In a Financial Agreement, both parties give up the rights they would otherwise have under the Family Law Act to apply to the Court for the division of the asset pool. Instead, the couple make their own agreement about how assets will be dealt with up front, both during the course of the relationship, and in the event that the relationship comes to an end.
Whether a prenup is absolutely necessary would depend very much on your personal circumstances. If you need to protect assets then you may consider it necessary but if you don’t need to protect assets then you might not. Remember too that it’s not just about assets – you may want to quarantine debt.
Although I don’t agree with what you’ve heard about prenups being “very easy to break”, the Family Law Act does envisage some circumstances in which the court may set an agreement aside. In other words, the court can make a decision about whether an agreement should stand and therefore bind the parties, or it can terminate the agreement.
The circumstances in which a prenup can be set aside are very limited, and a person must have a good reason to apply to the Court to terminate a Financial Agreement.
For example, the Act envisages the Court having the power to end a Financial Agreement where:-
- Fraud – one party has fraudulently induced the other party to sign the Agreement. This includes where one party was not upfront about all material matters that would have impacted on the other party’s decision about whether or not to enter the agreement. This could entail, for example, hiding assets, or not disclosing the true value of the assets that make up the asset pool, resulting in the other party receiving less than they would otherwise have agreed to;
- Defeating creditors – the parties entered into the agreement to place assets out of reach of creditors by transferring them from one party to the other; There have been cases where creditors who have suffered lose because of the above actions have applied to have the agreement set aside.
- Circumstances arise making the agreement impractical to be carried out – for example, if the matrimonial house was central to the Agreement and the house burns down and no longer exists, or becomes encumbered (by a mortgage), sold, changes form etc.
- Hardship relating to children – since making the agreement, a material change in circumstances occurs relating to the care, welfare or development of a child of the relationship. As a result, the child or party caring for the child, will suffer hardship if the agreement is not set aside;
- Duress – one party was forced into signing the agreement by duress or undue pressure.

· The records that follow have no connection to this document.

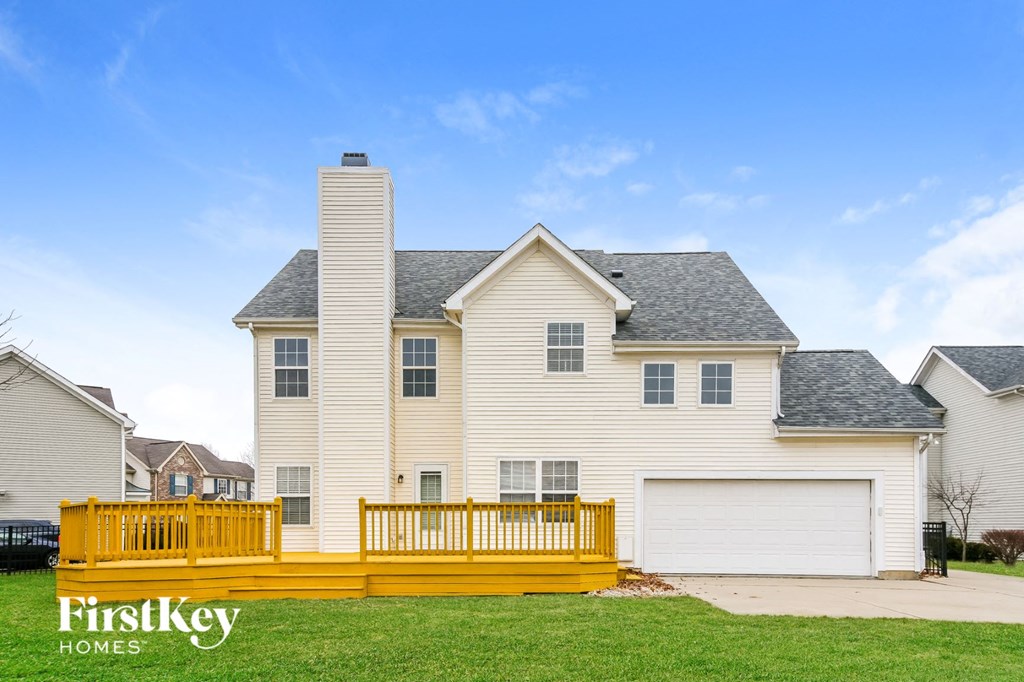 a house with a wooden fence in front of it
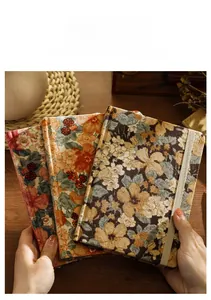 Primer plano de cuadernos A5 vintage de pana con estampado floral y banda elástica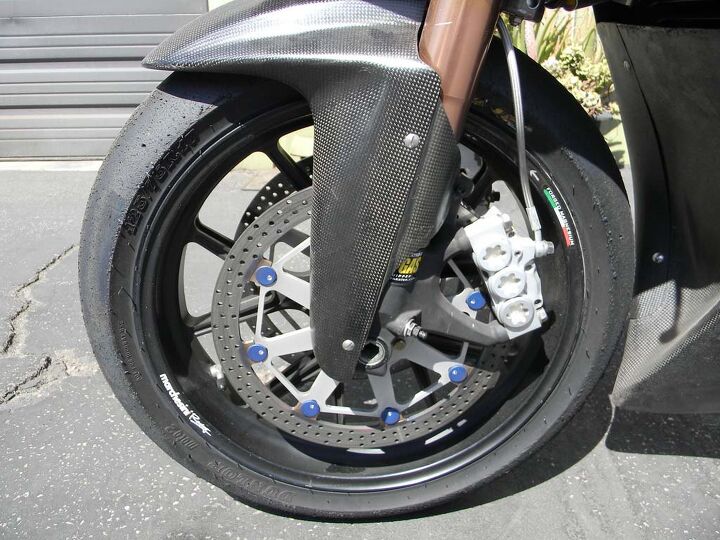 Fork tubes feature internals from Traxxion Dynamics, while Swedish firm ISR provides the six-piston brake calipers. Dunlop provides tires for the entire Moto2 category, and in this application they sit on forged magnesium Marchesini wheels.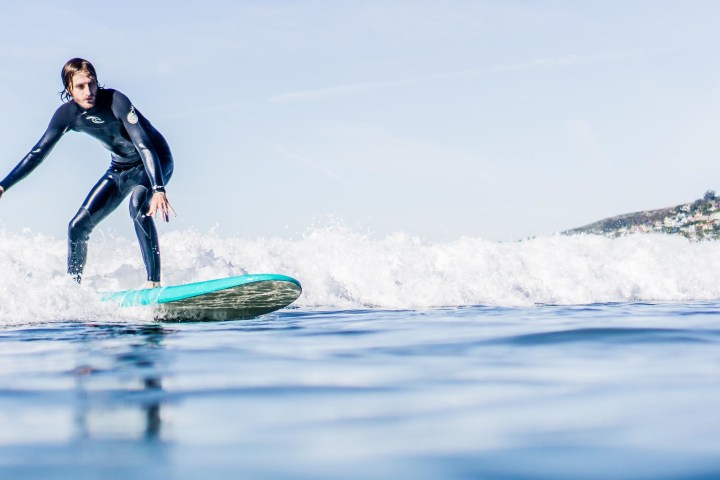 a man riding a wave on a surf board on a body of water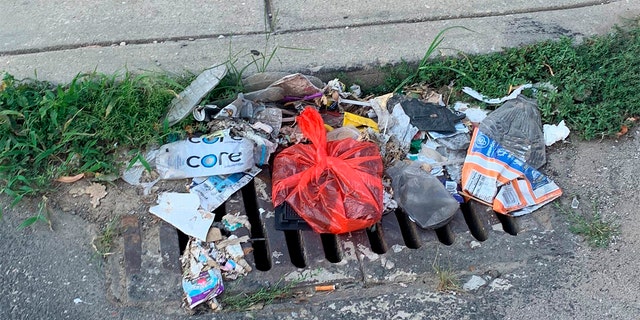 Trash rests on a street Tuesday, July 28, 2020, in Philadelphia. The COVID-19 pandemic has frustrated efforts to keep Philadelphia's streets clear of garbage this summer. (Kara Kneidl via AP)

Follow the correct procedure to ensure your Financial Agreement is legally binding.
Section 90 G of The Family Law Act lays out the correct procedure to ensure your pre-nuptial financial agreement is binding. As long as the parties to the agreement are totally honest with each other, receive legal advice before signing the agreement then the you minimise the chances of a successful challenge. A good lawyer will ensure that this is done correctly (our Legal Review Package follows these guidelines to the letter.)
Making a prenup agreement at the outset of a relationship, is a bit like trying to look into the future with a crystal ball. In reality, future circumstances of each party can never be predicted with 100% accuracy, and sometimes, things might happen that neither expects. It is in this way that a prenup differs to an agreement made at the end of a relationship (separation agreement).
A prenup may be made a number of years before separation occurs (if separation does occur at all).
For this reason, it is recommended that you review your Financial Agreement at regular intervals. You can terminate it, or change it, at any time if you both agree, although you still need to get legal advice before making any changes.
Some couples include “sunset clauses” in their agreement that may trigger the need to renegotiate the agreement or bring the agreement to an end in certain situations. The arrival of a child or another life changing event could bring un foreseen circumstances that require a degree of flexibility. If you can envisage it you can plan for it.
- The family law in Australia currently offers pre-nups to couples who want to create certainty and protection around their financial matters at the point of entry into the marriage or de facto relationship;
- The parties cannot foresee the future with complete accuracy, and unexpected events may occur which impact on their agreement;
- There are certain circumstances where a Court can end your Agreement. These circumstances are very limited, and a party needs to have a very good reason to apply to the Court to end an agreement;
- You can agree to review or terminate your Agreement at a specified time, or on the birth of children or other defined circumstances to make sure that it is still accurate and reflects the wishes of both parties as they change over time;
- You can terminate or change your Agreement at any time by mutual consent.